Menschsein in Fülle erforschen

Brüste und Vulven – üppig, machtvoll, friedsam.  Die Grazer Künstlerin Marina Stiegler baut Brücken über Jahrtausende und bringt das Urweibliche in moderne Formen- und Zeichensprache. Auf den zweiten Blick.

Foto: cstrobl

Marina Stiegler

  • Geb. 1978 in Salzburg, lebt in Graz.
  • Tätig in den Bereichen Skulptur, Malerei, Musik, Workshops und partizipative Kunstprojekte.
  • Künstlerin, Kunsttherapeutin und Lehrtätigkeit an der Ortweinschule für Kunst und Design in der Fachsparte Keramik.
  • Sängerin und Songwriterin bei Marinski Rio sowie Marinski & Lepenik.
  • Ausbildung: Meisterklasse für keramische Formgebung, Ortweinschule Graz; Berufsfachschule für Holzbildhauerei, Deutschland; Mal- und Gestaltungstherapeutin, MGT Institut Graz.
  • Ausstellungen und Kunstprojekte in Österreich und Deutschland.
  • Musik: Das Album „Red Ink” mit Marinski Rio erschien Ende Jänner 2022.

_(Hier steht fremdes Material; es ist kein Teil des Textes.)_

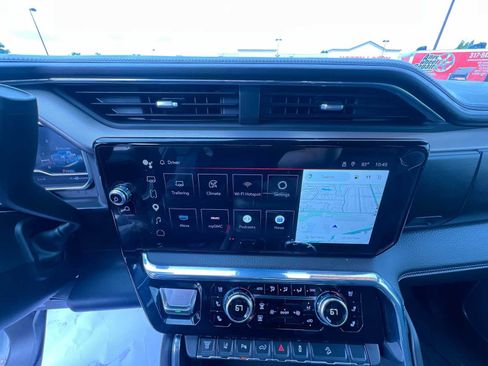 Used 2025 GMC Sierra 3500 Denali w/ Denali Reserve Package AWD/4WD image 24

Geerdete Göttinnen, deren friedliche Macht Leben schenkt: Stieglers Kunst zeigt Menschen in starker Verbindung mit der Urkraft der Natur. (Foto: Marina Stiegler)

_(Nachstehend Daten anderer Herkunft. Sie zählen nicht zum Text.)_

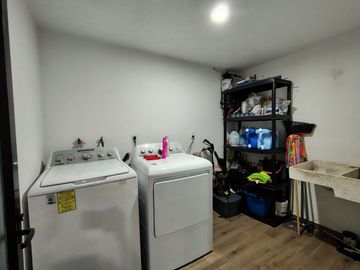 CASA EN VENTA EN VALLE IMPERIAL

Marina Stiegler und die Kunst

„Die Verbindung mit den Wurzeln der Kunst hilft mir, das Menschsein zu erforschen und an den Ausdruck zu glauben.“ Marina ­Stiegler­ taucht gerne in die frühe Geschichte der Kunst ein – beinahe zwangsläufig stößt man dabei auf Göttinnen, deren Symbolsprache und die archaische Kraft, die von den Darstellungen des Urweiblichen ausgeht. Dass es der Wahlgrazerin ein Anliegen ist, diese im 21. Jahrhundert neu zu interpretieren und „in die Jetztzeit zu beamen“ (Stiegler), wird klar, sobald man ihr Grazer Studio im Freien Atelierhaus Schaumbad betritt: Man sieht sich umringt von Venusfiguren, markanten grafischen Formen, den Farben Naturweiß, Hellbraun, Mattschwarz und Gold – alles spiegelt erdig und geerdet das Weibliche, das Nährende und Schützende wider. Ein Raum, der Kraft und Ruhe aussendet, trotz der üblichen kunterbunten Werkzeugfülle mit all ihren Farb­tuben, Pinseln und Leinwänden.

Von Schrift zu Ton

Das weibliche Prinzip, Mutter Erde, habe sich, so die Künstlerin, beinahe „automatisch“ in ihrer Kunst festgesetzt. Davor jedoch begann ihr künstlerischer Ausdruck in Schriftform, denn „zuallererst war das Schreiben“, erzählt die gebürtige Salzburgerin. Ein „Tage- und Nachtbuch“ war ständiger Begleiter und erstes künstlerisches Ventil – eine Grundlage, aus der sich Malerei, Skulptur, Grafik und auch ihre Liebe zur Musik entwickeln sollten. Denn Sprache war Stiegler bald zu wenig – sie wollte „etwas mit den Händen machen“ und so kam sie mit 23 Jahren zur bildenden Kunst.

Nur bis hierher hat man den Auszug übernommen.